Mobile Ads: Slow to Take Off

March 21st, 2008     by Joe Mele    
Tags: , , , ,

Slow because we are treating cell phones like every other media!  Consumers don’t really want ads on their cell phones – they want relevant content.

Article excerpt:  Advertisers are shying away from mobile phones until they get clearer data on whether promotions on the small screen pay off . Even as ads on cell phones become more common, advertisers are holding off on a full-blown embrace of the tiny screen as a marketing tool.  There’s no denying cell-phone users are seeing more ads. A Mar. 4 study by Nielsen found that 58 million U.S. wireless subscribers had viewed an ad on their cell phones in the past month. The problem is that advertisers don’t know what users are doing, if anything, when they see the ads. And until advertisers find out, they may hold off on committing more precious marketing dollars to the mobile medium. “Advertisers that are used to full accountability are left in the dark,” says Farhad Divecha, director at London-based ad agency AccuraCast.  The hesitance is understandable. In the online world, determining how well a campaign is performing is easy. Web sites embed tracking software known as cookies on your personal computer. Those cookies monitor your browsing activity and pass the information to advertisers and the ad-placement networks that distribute their ads across the Web.
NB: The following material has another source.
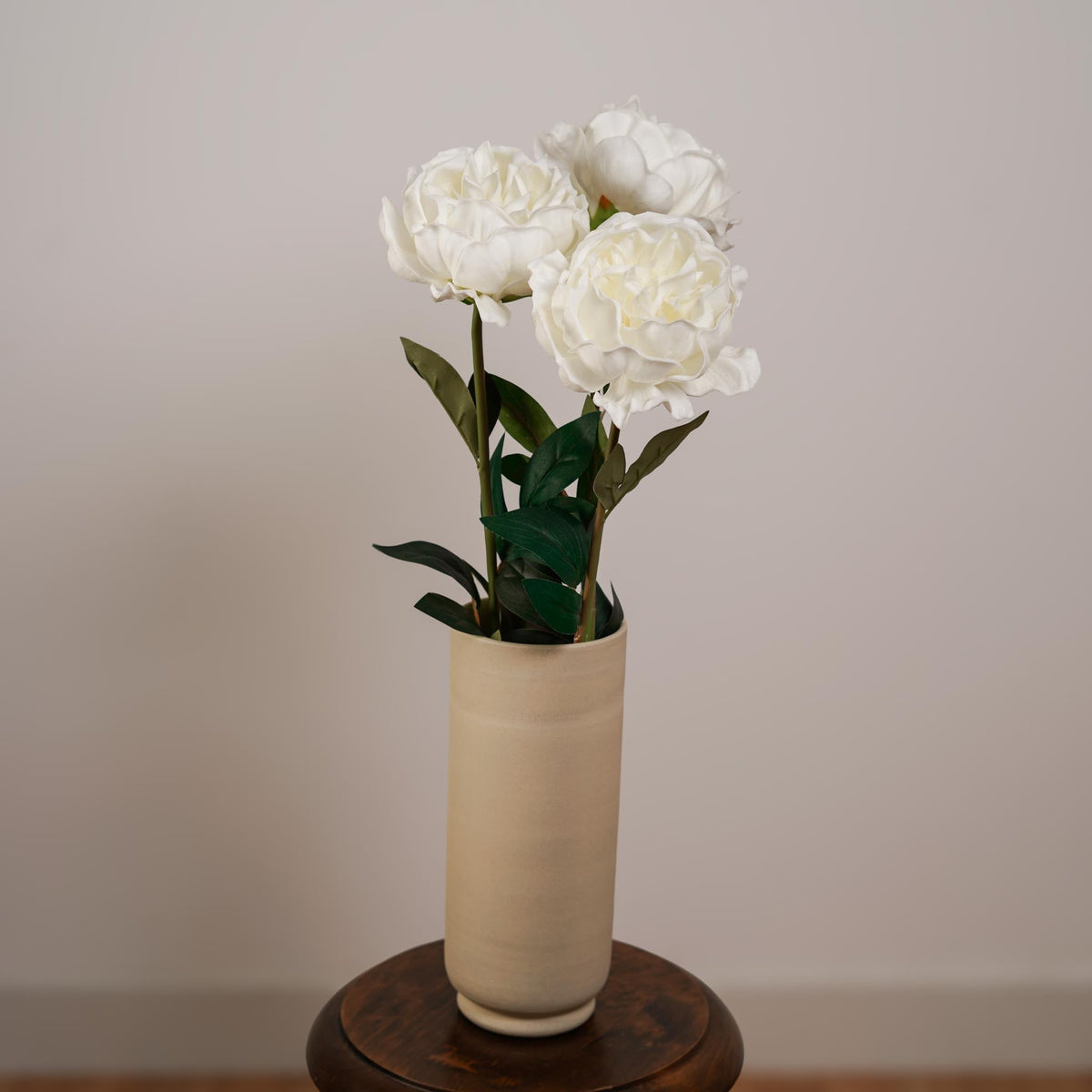 Pivoine Blanche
The rest: businessweek.com 

Musing:  The article correctly states that measurement plays a big part in why marketers are slow to advertise.  But that’s not it.  There is the fact that the phone is personal, and the space for ads is limited, so it requires a paradigm shift in what we think of as advertising.  I, for one, would love to see a cookie-like tracking system for mobile, but that doesn’t change the fact that we need to figure out HOW to use the platform correctly.  Mobile has to be about utility, speed, communication – and sometimes, time wasting, I suppose… but we shouldn’t expect a lot of TV watching on our phones.  When marketers begin offering useful content to mobile users, then the value of mobile marketing will be obvious.   Whadda you think?